QQQ: Invesco QQQ. The Nasdaq-100: heavier in technology, lighter in banks and oil. It has outperformed the S&P 500 over the last decade, with noticeably bigger drawdowns in bad years (2022: roughly –33% vs the S&P's –19%).
VTI: Vanguard Total Stock Market. Owns essentially every listed US company, small caps included. Performance tracks VOO closely because the giants dominate both, but you're buying the whole haystack.
SCHD: Schwab US Dividend Equity. The income pick. Screens for quality companies with at least ten consecutive years of dividends. It will usually lag the growth-heavy funds in bull markets and hold up better in ugly ones.
VGT: Vanguard Information Technology. A pure technology sector bet. The best ten-year performer on this list, and the most volatile. This is a conviction holding, not a core one.

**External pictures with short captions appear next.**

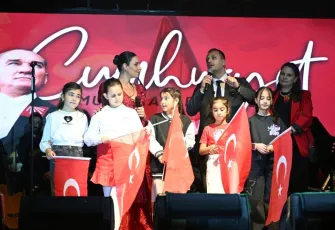Bornova'da Cumhuriyet coşkusu zirve yaptı! O sözler gündem oldu...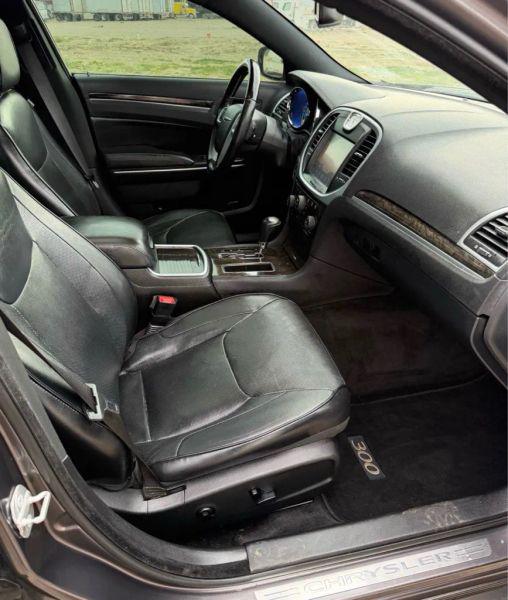 2014 Chrysler 300 AWD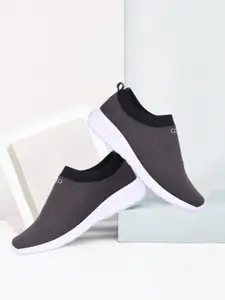 CLYMB Men Charcoal & White Mesh Running Shoes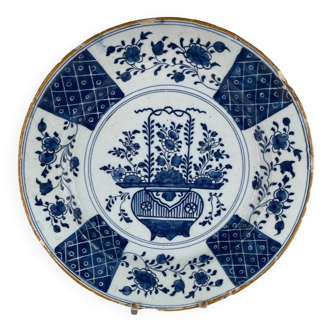 18th century Delft blue earthenware dish decorated with flowers signed 6 or g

What actually separates them
Three things, in order of importance:
- Concentration. VGT is ~100% tech, QQQ is roughly half tech, VOO/VTI are ~30% tech, SCHD deliberately underweights it. Your tech exposure is the single biggest driver of how these funds behave.
- Expense ratio. All five are cheap (0.03%–0.20%). Over 30 years, even the difference between 0.03% and 0.20% compounds to real money, but it's a rounding error next to the concentration decision.
- Dividends. SCHD yields roughly 3–4×, whatever the growth funds pay. In a taxable account, that's a tax bill; in a retirement account, it's compounding fuel.
The honest takeaway
A reasonable default that has served millions of investors: VOO or VTI as the core, QQQ or VGT as a satellite if you want more growth and can stomach the drawdowns, SCHD if you're closer to needing the income than growing it.
Not investment advice. Price returns exclude dividends and taxes. Past performance does not guarantee future results.